Quem mais pode ser responsabilizado
“Do ponto de vista cível, tanto a família do rapaz quanto o Estado podem responder em razão de ações ou omissões que culminaram nessa tragédia”, explica a advogada. “Especialmente o Estado, porque a situação ocorreu dentro da escola”, acrescenta.
Segundo ela, como o fato se deu em uma sala de aula da Escola de Ensino Médio de Tempo Integral Professora Carmosina Ferreira Gomes, a unidade de ensino pode ser responsabilizada caso fique evidente que “alguma falha de segurança, de segurança pública, que gerou esse incidente”.
Criminalmente, Julianne Melo aponta que o acesso do jovem à pistola pode levar à responsabilização da família ou do responsável, conforme a participação. “Ou pela falha na custódia da arma ou por uma participação mesmo, dependendo da relação dele com o adolescente, com o que ele sabia que o adolescente iria fazer”, conclui.
Estado de saúde das vítimas
Dos três adolescentes baleados, um deles segue internado em estado grave, de acordo com boletim médico divulgado na tarde desta sexta-feira (7) pela Santa Casa de Misericórdia de Sobral. Ele está intubado em uma Unidade de Terapia Intensiva (UTI) desde a última quarta (5), após ser atingido na cabeça.
O jovem passa por exames "para se chegar ao diagnóstico final", informou o hospital. A equipe médica iniciou os exames obrigatórios para confirmar ou não a morte encefálica, quando há perda total e irreversível das funções cerebrais.
Outro adolescente foi atingido de raspão na nuca e voltou para casa ainda na quarta. O terceiro, alvejado na perna, recebeu alta hospitalar na quinta (6).
Comoção e repercussão do caso
Com a imediata repercussão do ocorrido, a governadora Izolda Cela se manifestou ainda na manhã de quarta-feira, lamentando a tragédia.

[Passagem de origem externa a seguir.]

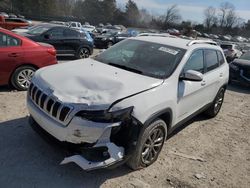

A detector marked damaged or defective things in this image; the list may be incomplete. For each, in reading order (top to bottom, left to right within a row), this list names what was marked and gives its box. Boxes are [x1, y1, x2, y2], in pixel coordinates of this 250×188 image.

crumpled hood [33, 58, 162, 108]
broken headlight [76, 106, 134, 122]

“Recebi com muita tristeza e preocupação o caso ocorrido na EEMTI Professora Carmosina Ferreira Gomes, em Sobral, onde três alunos foram baleados durante discussão entre estudantes na unidade de ensino. Determinei resposta rápida das nossas forças de segurança, inclusive sobre a origem da arma utilizada no crime", declarou Izolda Cela.
A Secretaria da Educação do Ceará (Seduc) também se manifestou sobre o assunto em nota divulgada no início da mesma tarde. "A Seduc lamenta profundamente o ocorrido na EEMTI Profa. Carmosina Ferreira Gomes, em Sobral. E informa que, por meio da Coordenadoria Regional de Desenvolvimento da Educação (Crede) 6, adotou imediatamente as providências necessárias para socorro das vítimas e acionamento do trabalho policial".
O adolescente de 15 anos atingido na cabeça por um tiro disparado por um colega de escola dentro de sala de aula, em Sobral, permanece internado em estado grave, de acordo com novo boletim médico divulgado na tarde desta sexta-feira (7). Ele está intubado em uma Unidade de Terapia Intensiva (UTI) desde a última quarta (5).